La découverte du clade 1b en 2024 est importante, car elle montre que même la souche d’Afrique centrale, jusqu’alors considérée comme strictement zoonotique, peut muter et se transmettre d’homme à homme. C’est un tournant. Nous avons constaté des infections chez des adolescents et des adultes, avec des indications de transmission sexuelle. Cela renforce non seulement notre compréhension du virus, mais rend également la maîtrise des épidémies plus complexe. 

image (1) Laurens Liesenborghs (deuxième rangée, premier à gauche) et Placide (première rangée, à gauche) lors d'une visite de terrain en RDC.

Avec qui travaillez-vous principalement à l'ITM ? 
PLACIDE Avec Laurens Liesenborghs, professeur en maladies infectieuses émergentes cliniques à l'ITM. C'est plus qu'une collaboration professionnelle, c'est une véritable amitié et l'une des collaborations les plus précieuses que j'ai jamais eues. Nous avons commencé ensemble des études cliniques sur le traitement du mpox. Au fil du temps, nous avons élargi notre champ d'action à la recherche épidémiologique, pour mieux comprendre la dynamique de transmission, les facteurs de risque et les réservoirs potentiels. Nous avons réalisé ensemble des recherches de terrain à Tunda, Kamituga et Kinshasa, afin de mieux comprendre le virus et sa transmission. Notre travail a commencé à Tunda, mais en raison de difficultés logistiques, nous avons déplacé nos activités à Kamituga, où des cas de variole du singe sont apparus de manière inattendue. Laurens a visité ces sites plusieurs fois, et ensemble, nous avons constitué une équipe locale.

Cette collaboration a directement mené à la découverte du clade 1b, et nous avons pu poursuivre nos recherches dans le cadre d'un solide modèle de consortium, grâce à un financement et à un leadership scientifique partagé. 

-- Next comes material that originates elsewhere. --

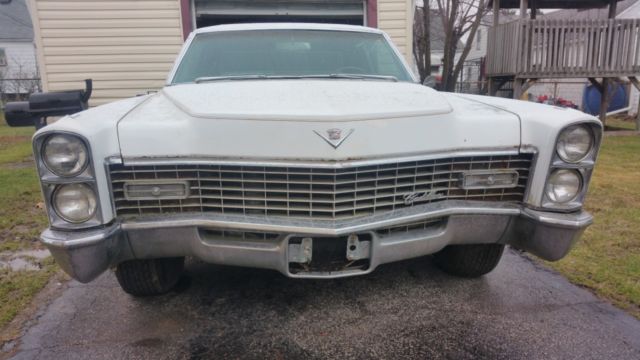 1967 cadillac coupe deville-project car-parts car-no reserve!!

Placide-1 La directrice de l’ITM, Özge Tunçalp (cinquième à partir de la gauche), et une délégation de l’ITM à l’INRB (Placide, quatrième à partir de la droite).
Placide Ozge2 Placide et la directrice de l’ITM, Özge Tunçalp, à l’INRB

Comment voyez-vous évoluer le nombre de cas de variole du singe à l'avenir ? 
PLACIDE Cela dépendra de nos actions. Actuellement, il y a un manque d’infrastructures et de capacités diagnostiques. Le nombre de vaccins disponibles est limité, et même dans les pays non endémiques, la variole du singe continue à circuler discrètement. Si l'immunité reste faible, d'autres épidémies pourraient suivre.

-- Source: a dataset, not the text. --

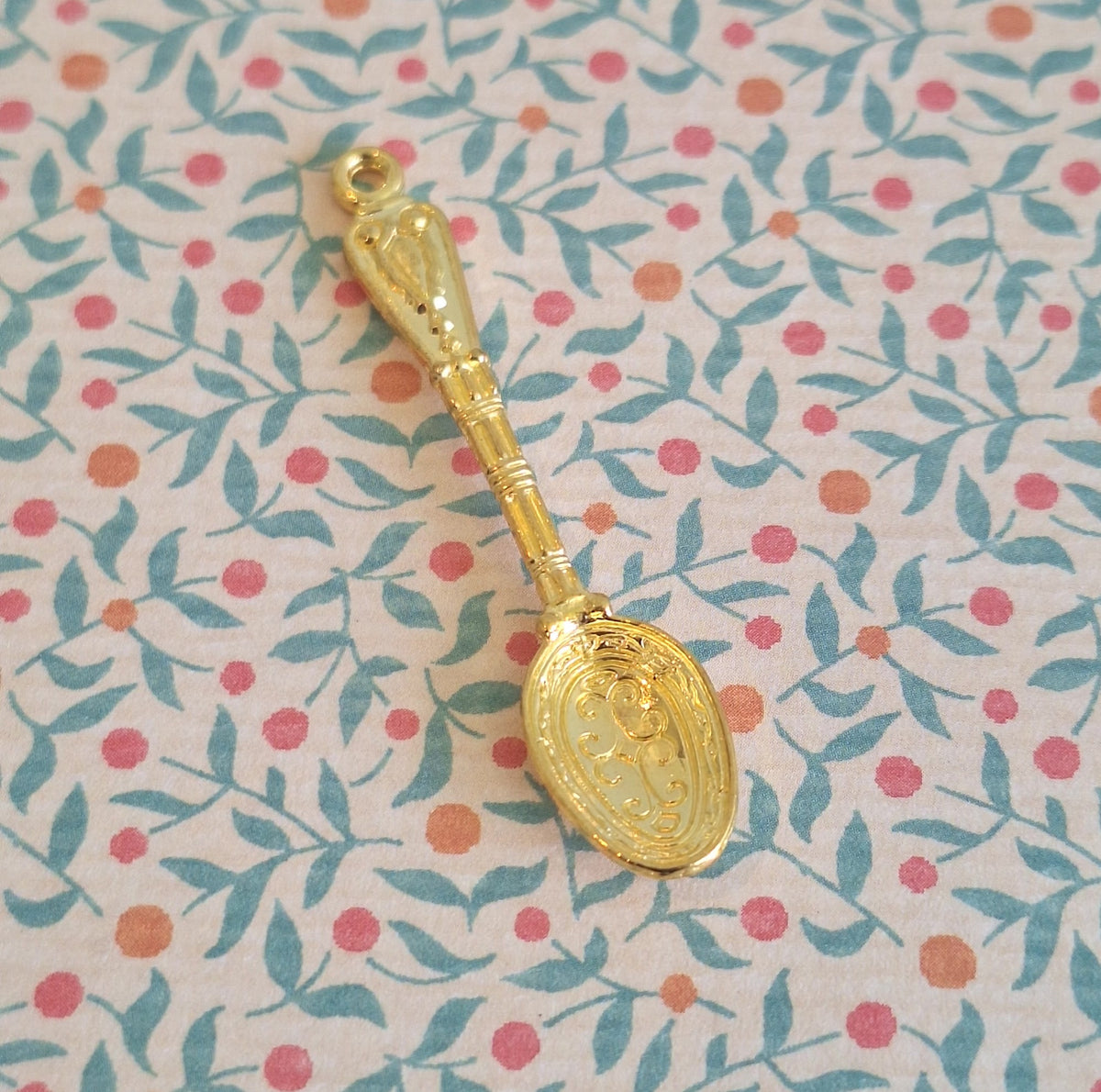 Brussel Sprouts dish (with ornate serving spoon)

Pour faire face à cette situation, nous devons travailler sur des traitements efficaces, des études sur l’efficacité des vaccins, et mieux comprendre la durée de la protection. Il reste également important d'investir dans le renforcement des systèmes de santé et de sensibiliser la population à l'importance de cette question. En appliquant ces stratégies, nous pourrons peut-être limiter l'ampleur et l'impact des futures épidémies.